Function \code{rmixture} makes it easy to generate random variates
from such mixtures. The arguments of the function are:
\begin{enumerate}
\item \code{n} the number of variates to generate;
\item \code{probs} a vector of values that will be normalized
  internally to create the probabilities $p_1, \dots, p_n$;
\item \code{models} a vector of expressions specifying the simulation
  models corresponding to the densities $f_1, \dots, f_n$.
\end{enumerate}

The specification of simulation models follows the syntax of
\code{rcomphierarc} (explained in greater detail in \autoref{sec:rcomphierarc}). In
a nutshell, the models are expressed in a semi-symbolic fashion using
an object of mode \code{"expression"} where each element is a complete
call to a random number generation function, with the number of
variates omitted.

The following example should clarify this concept.

\begin{example}
  Let $X$ be a mixture between two exponentials: one with mean $1/3$
  and one with mean $1/7$. The first exponential has twice as much
  weight as the second one in the mixture.
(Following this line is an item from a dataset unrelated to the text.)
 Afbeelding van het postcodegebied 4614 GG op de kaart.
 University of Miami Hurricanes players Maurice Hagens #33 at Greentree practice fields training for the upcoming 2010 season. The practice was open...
Therefore, the density of
  $X$ is
  \begin{equation*}
    f(x) = \frac{2}{3} (3 e^{-3x}) + \frac{1}{3} (7 e^{-7x}) \\
    = 2 e^{-3x} + \frac{7}{3} e^{-7x}.
  \end{equation*}
  The following expression generates $10$ random variates from this
  density using \code{rmixture}.
<<echo=TRUE>>=
rmixture(10, probs = c(2, 1),
         models = expression(rexp(3), rexp(7)))
@
  \qed
\end{example}

See also \autoref{ex:comppois} for a more involved application
combining simulation from a mixture and simulation from a compound
Poisson model.


\section{Simulation from compound models}
\label{sec:rcompound}

Actuaries often need to simulate separately the frequency and the
severity of claims for compound models of the form
\begin{equation}
  \label{eq:definition-S}
  S = C_1 + \dots + C_N,
\end{equation}
where $C_1, C_2, \dots$ are the mutually independent and identically
distributed random variables of the claim amounts, each independent of
the frequency random variable $N$.

Function \code{rcompound} generates variates from the random variable
$S$ when the distribution of both random variables $N$ and $C$ is non
hierarchical; for the more general hierarchical case, see
\autoref{sec:rcomphierarc}. The function has three arguments:
\begin{enumerate}
\item \code{n} the number of variates to generate;
\item \code{model.freq} the frequency model (random variable $N$);
\item \code{model.sev} the severity model (random variable $C$).
\end{enumerate}

Arguments \code{model.freq} and \code{model.sev} are simple
R expressions consisting of calls to a random number
generation function with the number of variates omitted. This is of
course similar to argument \code{models} of \code{rmixture}, only with
a slightly simpler syntax since one does not need to wrap the calls in
\code{expression}.

Function \code{rcomppois} is a simplified interface for the common
case where $N$ has a Poisson distribution and, therefore, $S$ is
compound Poisson. In this function, argument \code{model.freq} is
replaced by \code{lambda} that takes the value of the Poisson
parameter.

\begin{example}
  Let $S \sim \text{Compound Poisson}(1.5, F)$, where $1.5$ is the
  value of the Poisson parameter and $F$ is the cumulative
  distribution function of a gamma distribution with shape parameter
  $\alpha = 3$ and rate parameter $\lambda = 2$. We obtain variates
  from the random variable $S$ using \code{rcompound} or
  \code{rcompois} as follows:
<<echo=TRUE>>=
rcompound(10, rpois(1.5), rgamma(3, 2))
rcomppois(10, 1.5, rgamma(3, 2))
@

  Specifying argument \code{SIMPLIFY = FALSE} to either function will
  return not only the variates from $S$, but also the underlying
  variates from the random variables $N$ and $C_1, \dots, C_N$:
<<echo=TRUE>>=
rcomppois(10, 1.5, rgamma(3, 2), SIMPLIFY = FALSE)
@
  \qed
\end{example}

\begin{example}
  \label{ex:comppois}
  Theorem~9.7 of \cite{LossModels4e} states that the sum of compound
  Poisson random variables is itself compound Poisson with Poisson
  parameter equal to the sum of the Poisson parameters and severity
  distribution equal to the mixture of the severity models.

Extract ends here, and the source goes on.